Yes, "build an API, not a scraper" is a fifteen-year-old argument with a new acronym. What's new isn't the principle. It's that MCP is a single client-side protocol the biggest agent clients already speak, so "ship an API" no longer means "and convince every consumer to integrate with it separately." That asymmetry is the unlock.

Most sites that say "agents welcome" mean "we won't block you." They ship HTML and hope the scraper holds. It holds until the layout shifts, an ad renders mid-content, or a component loads async. Well-structured semantic HTML is a real contract — I'm not pretending otherwise — and `/skills.json` is a legitimate middle ground for any agent that'd rather fetch a typed manifest than speak RPC. But scrapers are still a hack we tolerate because writing an API felt like too much work. MCP makes the alternative easy. The protocol is small. The transport is HTTP. The tool shape is a name, a description, and a JSON schema. If a site already has an MCP server, a new tool is fifty lines.

An agent interacting with mondello.dev doesn't need to know what a blog is. It doesn't need to know what HTML looks like. It needs to know MCP and x402, both documented in under ten pages each. Everything else is the site telling the agent, in the protocols the agent already understands, exactly what's for sale, what it costs, and how to buy it.

The missing piece is discovery. An agent only calls `list_skills` if someone first registers the MCP server. `/.well-known/mcp` and agent-side registries are what solves that, and neither is solved today. Until they are, MCP discovery is an out-of-band step — somebody has to tell the agent where to look. That's the live problem.

## The bigger pattern

Same pattern, everywhere on this blog:

- Posts are served as Markdown with YAML frontmatter at `/<slug>.md`, not just HTML.

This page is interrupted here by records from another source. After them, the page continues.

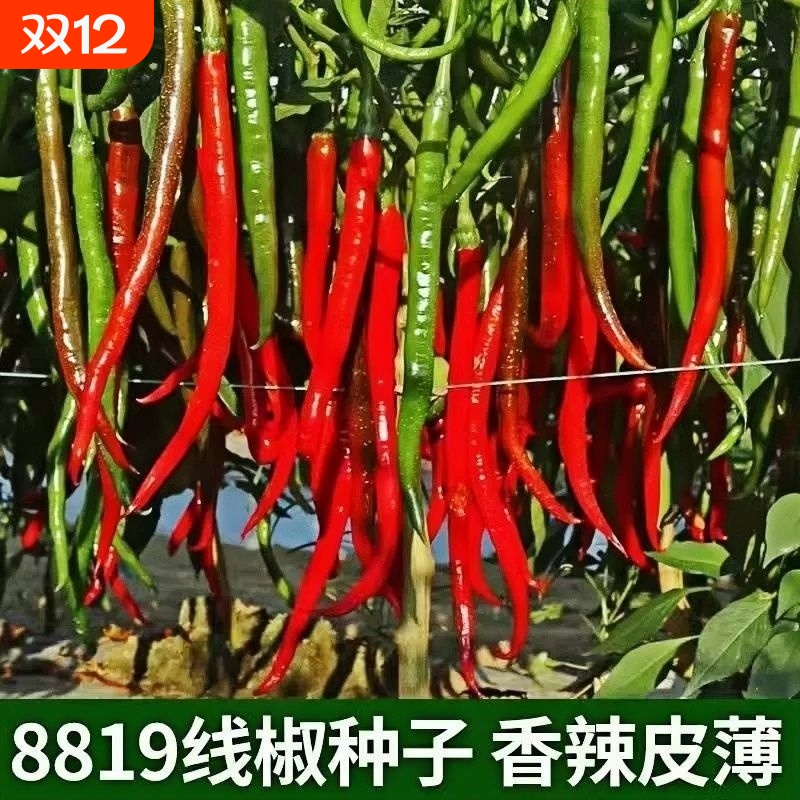线椒种子超辣高产辣椒种籽大全二荆条四季盆栽辣椒苗蔬菜种孑四季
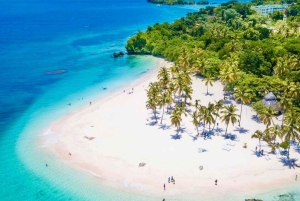 Private Tour to Samaná from Santo Domingo: Salto El Limón and Cayo Levantado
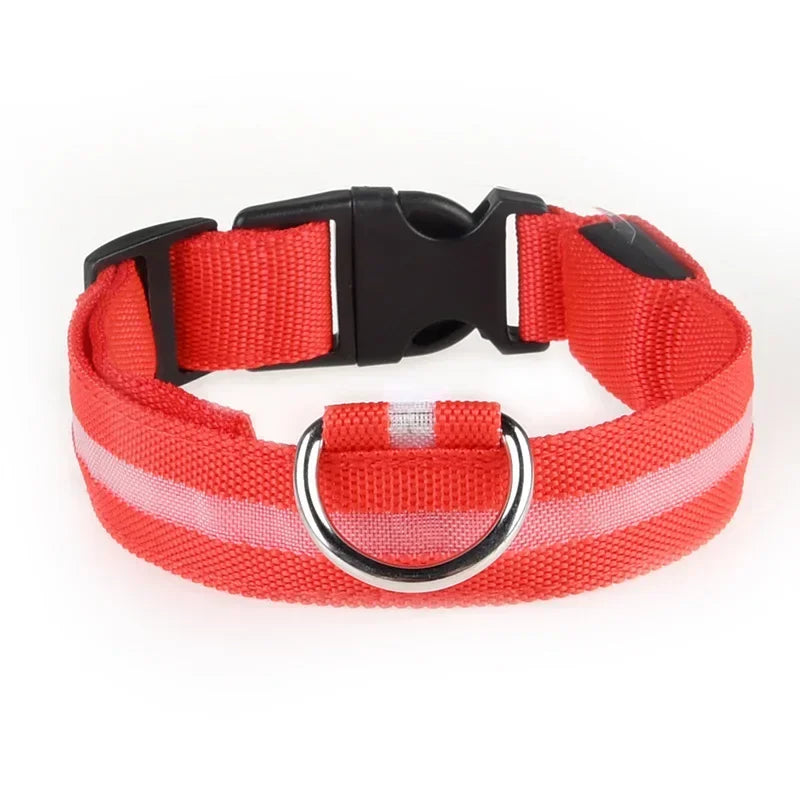 LED-hundhalsband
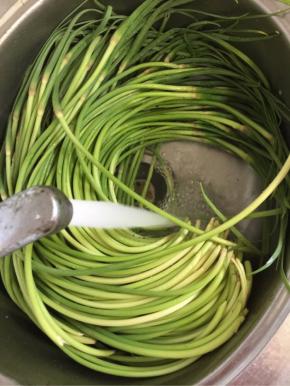 蒜苔放在水池中清洗干净！

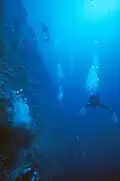 Divers on a vertical wall, Peleliu Island.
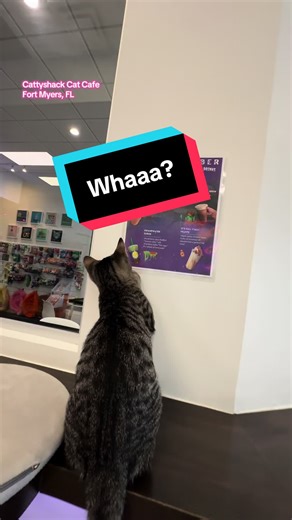 Okay Billie, we get it.. You’re obsessed with the Swampwater Surge made with berry citrus Red Bull, strawberry boba, and a splash of lemonade 💚💜 Only at Cattyshack Cat Cafe in Fort Myers, Florida ☀️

- Search results come back with audio-timestamped deep-links in `/api/search/cues.json`, not embedded in a page that you have to render and click.

- The full archive is one MCP call (`get_archive`) away, returning every post as one concatenated Markdown document.

- Even the visual stuff — the OG cards with per-post [audio waveforms](/skills/auto-audio-player), the social share previews — are SVG files served directly.

The blog is the UI for humans. The protocols are the UI for agents. Same content, same database, same authoring workflow. Nothing duplicated. Nothing "adapted for AI." Posts are posts. Skills are skills. MCP and x402 just mean both audiences can consume them without one pretending to be the other.

If you want to see it from the agent side:

```bash
claude mcp add mondello https://mondello.dev/api/mcp
```

Register the server, ask Claude for the skills catalog, and it has a typed tool that fits — it'll reach for `list_skills` before it reaches for fetch. Five round-trips, one payment, no HTML in sight. The discovery is still on you. The rest isn't.

The build-and-ship ritual that deploys this post — Astro build, post-build hook patching, `wrangler deploy` — is itself a skill at [/skills/emdash-deploy](/skills/emdash-deploy). Same pattern: one curl command, x402 USDC, the recipe lives in your `~/.claude/skills/` directory after payment.